Winner - Medieval Chaffing Dish Handle
Runner-Up Medieval Pendant
Medieval Key Medieval Vesica Seal
Medieval Wotsit 13th century brooch
Watch Winder Pipe Tamper (Modern)
Winner - Roman Bronze Sestertius
Runner-up Silver Denarius
James VI Scotland 1600 Silver Hammered Cut Quarter (King John) 1199-1216
Mary Groat 1574 Long Cross Silver Penny 1344/51 Edward III
Token (Spade Guinea) German Jetton (1585)
Don’t forget next month’s meeting is on the 1st October and we have John JcCabe talking about Colchester- Conobolin to Boadicea.
The talk by David Johnson at the August Meeting was about the history of Grange Barn at Coggeshall which was built in 1275 and is still standing today, thanks to a dedicated group who rescued it in the 1960’s from destruction by the local Council who wanted to demolish it. The Barn is one of the oldest and largest in Europe of its type and is a superb example of medieval craftsmanship. It is now looked after by The National Trust and is available for hire for barn dances, weddings, craft fairs and a host of other events. It’s original use was as a Tythe Barn to thresh and store the grain from the huge Estate that surrounded it. Also inside is an exhibition of woodworking tools owned by Bryan Saunders, a renowned wood craftsman. David’s talk was very informative and I’m sure we all learnt a lot about the history from the period when the Barn stood.
At the July Meeting, we had a very interesting talk from Sam Moorhead, the National Finds Adviser for Iron Age and Roman Coins from the P.A.S. and Treasure at the British Museum.
He told us how metal detectorists have changed the way that Roman Britain was thought to have been settled by previous Roman experts such as Reece, who said in his book on Roman Britain that Suffolk was sparsely populated by the Romans as few coins have ever been found. Now due to the amount of coins recorded by detectorists, Suffolk has been found to have the highest amount of coins found and was very intensely farmed with most of the grain being sent to Europe.
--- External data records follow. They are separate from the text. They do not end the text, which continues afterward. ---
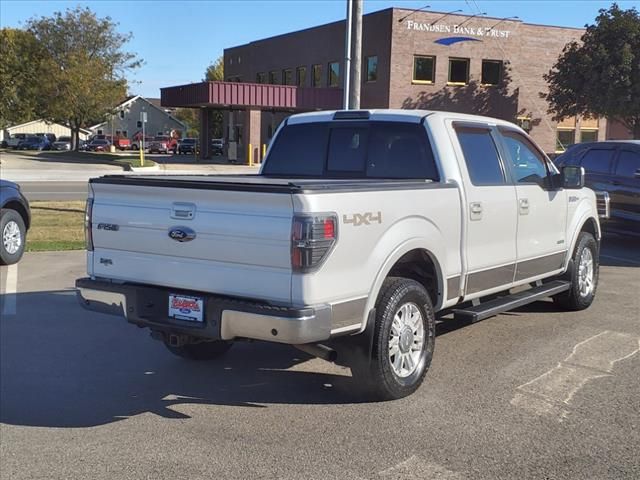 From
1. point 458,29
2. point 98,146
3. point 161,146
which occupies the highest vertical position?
point 458,29

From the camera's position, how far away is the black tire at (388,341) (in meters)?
4.79

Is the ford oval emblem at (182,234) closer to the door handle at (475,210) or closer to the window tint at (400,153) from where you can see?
the window tint at (400,153)

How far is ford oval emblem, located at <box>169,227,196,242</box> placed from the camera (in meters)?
4.66

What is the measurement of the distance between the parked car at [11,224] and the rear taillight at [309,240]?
7.08 metres

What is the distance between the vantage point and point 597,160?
42.4 feet

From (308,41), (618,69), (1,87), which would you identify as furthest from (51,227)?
(1,87)

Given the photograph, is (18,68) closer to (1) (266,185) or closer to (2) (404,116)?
(2) (404,116)

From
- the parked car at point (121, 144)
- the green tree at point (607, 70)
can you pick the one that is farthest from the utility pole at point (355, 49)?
the parked car at point (121, 144)

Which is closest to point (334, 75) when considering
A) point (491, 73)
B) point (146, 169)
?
point (491, 73)

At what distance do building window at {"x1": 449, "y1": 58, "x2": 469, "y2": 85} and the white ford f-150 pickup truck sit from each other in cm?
3354

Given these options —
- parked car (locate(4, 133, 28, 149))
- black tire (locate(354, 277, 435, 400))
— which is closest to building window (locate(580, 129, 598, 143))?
black tire (locate(354, 277, 435, 400))

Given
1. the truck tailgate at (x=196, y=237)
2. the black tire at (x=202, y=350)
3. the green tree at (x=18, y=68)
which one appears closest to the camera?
the truck tailgate at (x=196, y=237)

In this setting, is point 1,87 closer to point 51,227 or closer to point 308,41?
point 308,41

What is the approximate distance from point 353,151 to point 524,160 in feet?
5.65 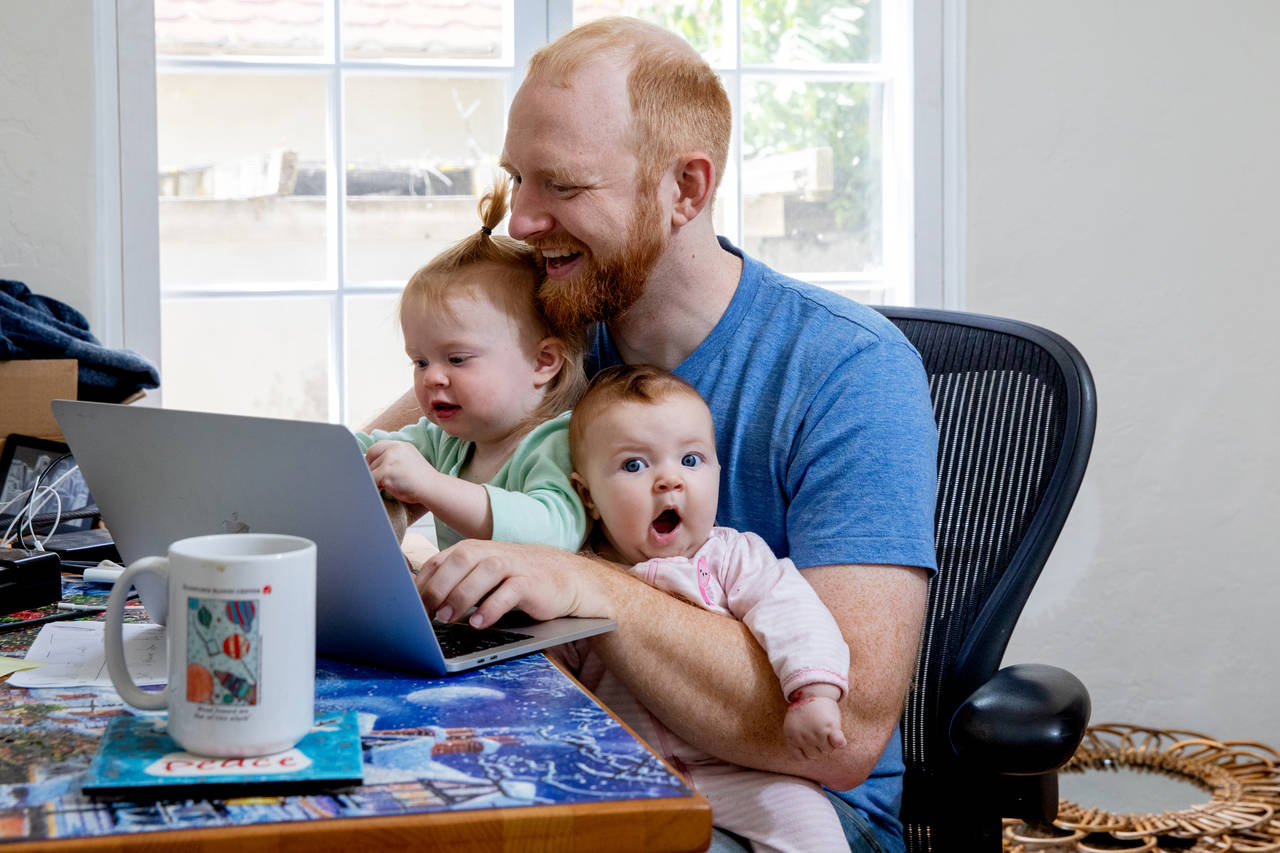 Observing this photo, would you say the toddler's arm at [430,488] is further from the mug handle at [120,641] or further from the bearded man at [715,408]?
the mug handle at [120,641]

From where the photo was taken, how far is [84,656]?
96 centimetres

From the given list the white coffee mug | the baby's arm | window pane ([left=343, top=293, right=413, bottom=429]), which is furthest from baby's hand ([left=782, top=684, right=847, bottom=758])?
window pane ([left=343, top=293, right=413, bottom=429])

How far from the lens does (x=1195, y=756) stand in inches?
96.8

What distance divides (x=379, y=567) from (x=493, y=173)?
1.88 metres

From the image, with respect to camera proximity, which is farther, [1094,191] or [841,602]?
[1094,191]

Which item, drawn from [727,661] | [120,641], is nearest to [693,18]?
[727,661]

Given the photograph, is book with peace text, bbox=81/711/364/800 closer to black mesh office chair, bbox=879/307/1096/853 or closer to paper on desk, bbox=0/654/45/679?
paper on desk, bbox=0/654/45/679

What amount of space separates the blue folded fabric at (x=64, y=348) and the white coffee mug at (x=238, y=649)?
1485mm

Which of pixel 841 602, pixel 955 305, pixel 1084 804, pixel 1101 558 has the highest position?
pixel 955 305

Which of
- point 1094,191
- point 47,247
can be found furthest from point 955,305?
point 47,247

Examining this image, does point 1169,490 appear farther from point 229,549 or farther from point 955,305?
point 229,549

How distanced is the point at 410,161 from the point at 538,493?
151 centimetres

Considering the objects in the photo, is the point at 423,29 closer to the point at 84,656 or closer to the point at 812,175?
the point at 812,175

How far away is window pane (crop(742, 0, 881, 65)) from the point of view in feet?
8.83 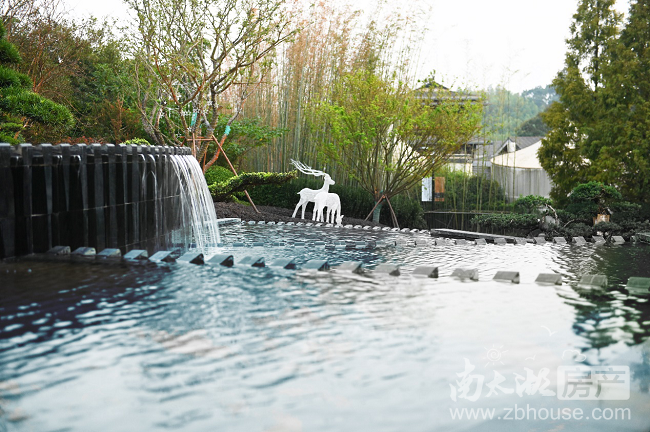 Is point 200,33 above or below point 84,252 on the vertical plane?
above

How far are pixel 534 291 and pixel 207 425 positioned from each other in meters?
2.02

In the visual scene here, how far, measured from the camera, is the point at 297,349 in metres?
2.15

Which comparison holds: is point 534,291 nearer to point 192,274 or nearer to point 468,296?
point 468,296

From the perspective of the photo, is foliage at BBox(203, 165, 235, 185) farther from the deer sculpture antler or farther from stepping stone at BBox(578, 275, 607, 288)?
stepping stone at BBox(578, 275, 607, 288)

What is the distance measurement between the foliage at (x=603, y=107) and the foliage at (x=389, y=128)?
5.90ft

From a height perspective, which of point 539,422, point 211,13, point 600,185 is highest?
point 211,13

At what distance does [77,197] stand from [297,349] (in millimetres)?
2595

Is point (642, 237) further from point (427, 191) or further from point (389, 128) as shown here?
point (427, 191)

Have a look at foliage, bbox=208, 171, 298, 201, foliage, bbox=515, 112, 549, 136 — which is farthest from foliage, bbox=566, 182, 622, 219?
foliage, bbox=515, 112, 549, 136

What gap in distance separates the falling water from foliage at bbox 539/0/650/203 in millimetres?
7510

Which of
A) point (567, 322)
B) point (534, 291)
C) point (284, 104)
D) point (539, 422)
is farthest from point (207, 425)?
point (284, 104)

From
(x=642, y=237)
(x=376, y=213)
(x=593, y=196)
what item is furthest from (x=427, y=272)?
(x=376, y=213)

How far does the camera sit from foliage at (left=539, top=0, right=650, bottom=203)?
10984mm

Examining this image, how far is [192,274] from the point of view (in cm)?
333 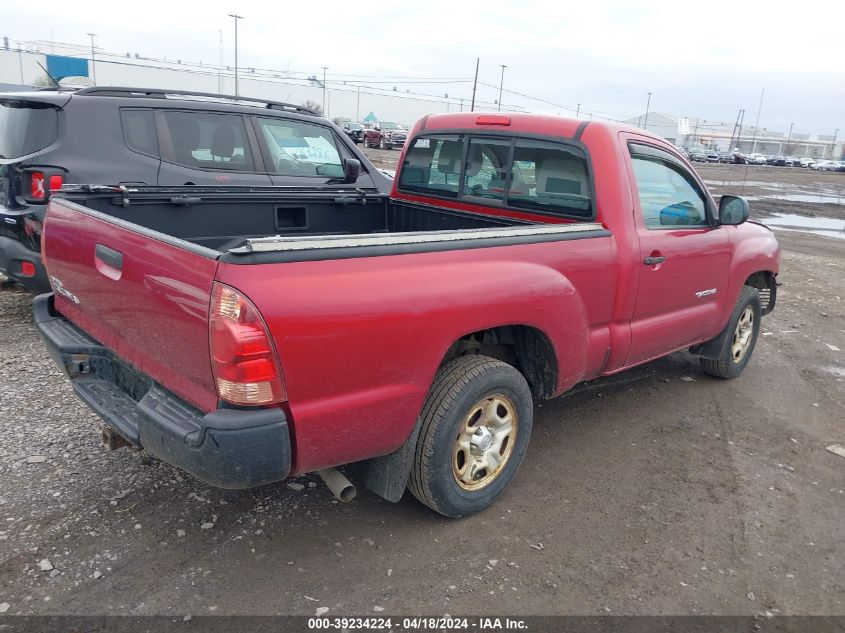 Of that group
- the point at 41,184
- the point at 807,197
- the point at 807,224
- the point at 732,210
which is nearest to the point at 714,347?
the point at 732,210

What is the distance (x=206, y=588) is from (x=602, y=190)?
9.26 ft

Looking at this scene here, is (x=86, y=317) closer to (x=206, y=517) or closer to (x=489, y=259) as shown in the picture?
(x=206, y=517)

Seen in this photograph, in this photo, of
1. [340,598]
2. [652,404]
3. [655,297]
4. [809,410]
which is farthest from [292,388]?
[809,410]

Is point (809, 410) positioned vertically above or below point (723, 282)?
below

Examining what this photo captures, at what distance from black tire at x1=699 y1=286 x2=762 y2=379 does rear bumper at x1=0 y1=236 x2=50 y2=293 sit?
5207mm

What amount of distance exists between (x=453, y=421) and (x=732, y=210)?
2.73 m

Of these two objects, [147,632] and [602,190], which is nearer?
[147,632]

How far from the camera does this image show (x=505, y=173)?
422 centimetres

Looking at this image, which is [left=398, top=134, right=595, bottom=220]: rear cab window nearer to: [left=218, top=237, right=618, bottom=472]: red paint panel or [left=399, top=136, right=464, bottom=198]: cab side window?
[left=399, top=136, right=464, bottom=198]: cab side window

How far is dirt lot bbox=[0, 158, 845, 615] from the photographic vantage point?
2.68 m

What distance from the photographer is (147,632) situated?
7.93 feet

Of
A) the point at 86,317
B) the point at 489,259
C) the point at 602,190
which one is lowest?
the point at 86,317

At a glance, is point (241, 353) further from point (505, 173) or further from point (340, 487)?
point (505, 173)

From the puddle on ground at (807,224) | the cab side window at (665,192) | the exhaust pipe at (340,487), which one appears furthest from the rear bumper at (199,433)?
the puddle on ground at (807,224) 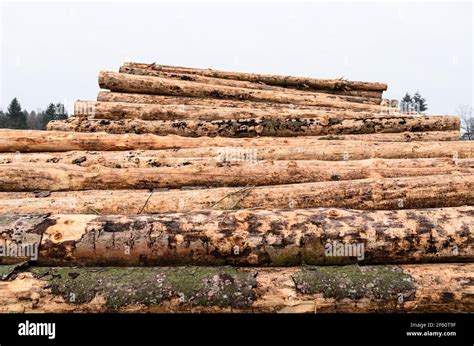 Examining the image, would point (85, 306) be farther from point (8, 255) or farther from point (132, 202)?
point (132, 202)

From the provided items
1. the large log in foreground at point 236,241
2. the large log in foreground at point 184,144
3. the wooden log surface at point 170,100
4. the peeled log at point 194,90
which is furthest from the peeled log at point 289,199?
the peeled log at point 194,90

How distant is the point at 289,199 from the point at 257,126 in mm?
2331

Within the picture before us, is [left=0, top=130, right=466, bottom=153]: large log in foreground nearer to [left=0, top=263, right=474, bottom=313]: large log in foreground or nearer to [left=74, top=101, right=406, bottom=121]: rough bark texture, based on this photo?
[left=74, top=101, right=406, bottom=121]: rough bark texture

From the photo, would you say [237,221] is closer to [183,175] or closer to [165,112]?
[183,175]

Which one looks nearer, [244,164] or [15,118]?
[244,164]

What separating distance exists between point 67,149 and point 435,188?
4.83 metres

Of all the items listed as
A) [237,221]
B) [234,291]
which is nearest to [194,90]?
[237,221]

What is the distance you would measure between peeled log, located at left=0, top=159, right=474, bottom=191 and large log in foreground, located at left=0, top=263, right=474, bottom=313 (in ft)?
4.94

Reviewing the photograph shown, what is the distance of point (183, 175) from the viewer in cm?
438

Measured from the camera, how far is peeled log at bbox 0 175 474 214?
3.76 m

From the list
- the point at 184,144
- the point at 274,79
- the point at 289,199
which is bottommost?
Result: the point at 289,199

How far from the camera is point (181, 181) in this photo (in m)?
4.36

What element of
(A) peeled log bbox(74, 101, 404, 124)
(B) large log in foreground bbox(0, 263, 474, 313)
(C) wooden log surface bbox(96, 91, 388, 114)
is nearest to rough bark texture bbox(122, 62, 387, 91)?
(C) wooden log surface bbox(96, 91, 388, 114) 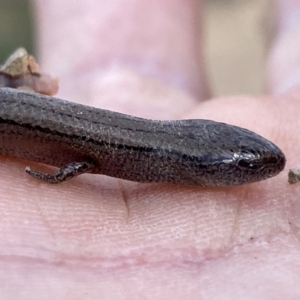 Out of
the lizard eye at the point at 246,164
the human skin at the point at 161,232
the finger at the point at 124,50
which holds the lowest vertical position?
the human skin at the point at 161,232

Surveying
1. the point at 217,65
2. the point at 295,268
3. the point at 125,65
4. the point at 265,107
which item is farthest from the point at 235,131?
the point at 217,65

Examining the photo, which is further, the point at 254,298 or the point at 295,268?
the point at 295,268

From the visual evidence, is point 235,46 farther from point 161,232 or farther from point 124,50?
point 161,232

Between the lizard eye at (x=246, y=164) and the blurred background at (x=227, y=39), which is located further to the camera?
the blurred background at (x=227, y=39)

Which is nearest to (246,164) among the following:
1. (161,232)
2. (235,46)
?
(161,232)

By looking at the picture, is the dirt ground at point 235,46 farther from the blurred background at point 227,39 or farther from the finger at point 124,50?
the finger at point 124,50

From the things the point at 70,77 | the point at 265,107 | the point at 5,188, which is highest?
the point at 70,77

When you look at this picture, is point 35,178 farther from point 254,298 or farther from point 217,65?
point 217,65

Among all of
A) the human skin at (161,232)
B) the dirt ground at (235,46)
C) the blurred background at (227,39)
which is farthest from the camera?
the dirt ground at (235,46)

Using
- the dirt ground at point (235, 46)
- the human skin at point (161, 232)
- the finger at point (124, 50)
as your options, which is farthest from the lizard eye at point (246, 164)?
the dirt ground at point (235, 46) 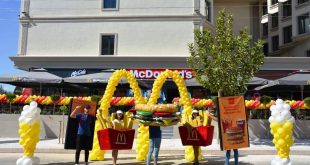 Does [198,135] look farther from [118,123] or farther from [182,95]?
[118,123]

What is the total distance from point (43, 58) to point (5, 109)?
10782 millimetres

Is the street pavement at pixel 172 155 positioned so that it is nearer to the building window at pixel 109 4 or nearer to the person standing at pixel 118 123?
the person standing at pixel 118 123

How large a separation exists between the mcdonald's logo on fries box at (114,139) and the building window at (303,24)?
1092 inches

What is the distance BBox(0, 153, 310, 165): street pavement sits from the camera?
11727 millimetres

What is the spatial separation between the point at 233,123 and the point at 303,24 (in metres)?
27.5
Also many lost Roman roads have been plotted onto maps by recording coins found by us and tribal borders are often marked by rivers as coins found on one bank were not found on the opposite side which is something which has come to light. Also, the ancient coast line has been traced by Roman coins found in some areas and not in others because these areas were covered by sea water at the time of Roman occupation. So this proves what a valuable contribution metal detecting is in helping towards understanding what happened in Britain nearly 2,000 years ago, where people were living and working at that time.
Sam is also very keen to see all our Roman grots as some are very rare and he reckons to be able to identify the vast majority so bring along all your grots and give them to Laura to pass on to Sam at the British Museum although there is a backlog of 15,000 coins at the moment. You never know you may have a very rare coin sitting in your grot box.
The coin find of the month went to Maurice Rogers our Secretary and Treasurer with a beautiful quarter gold noble in very nice condition, a true find of a lifetime. The best artefact went to Paul “Shaggy”’s statue which was found at the Boxted Rally Fun Day Out. Congratulations to both winners.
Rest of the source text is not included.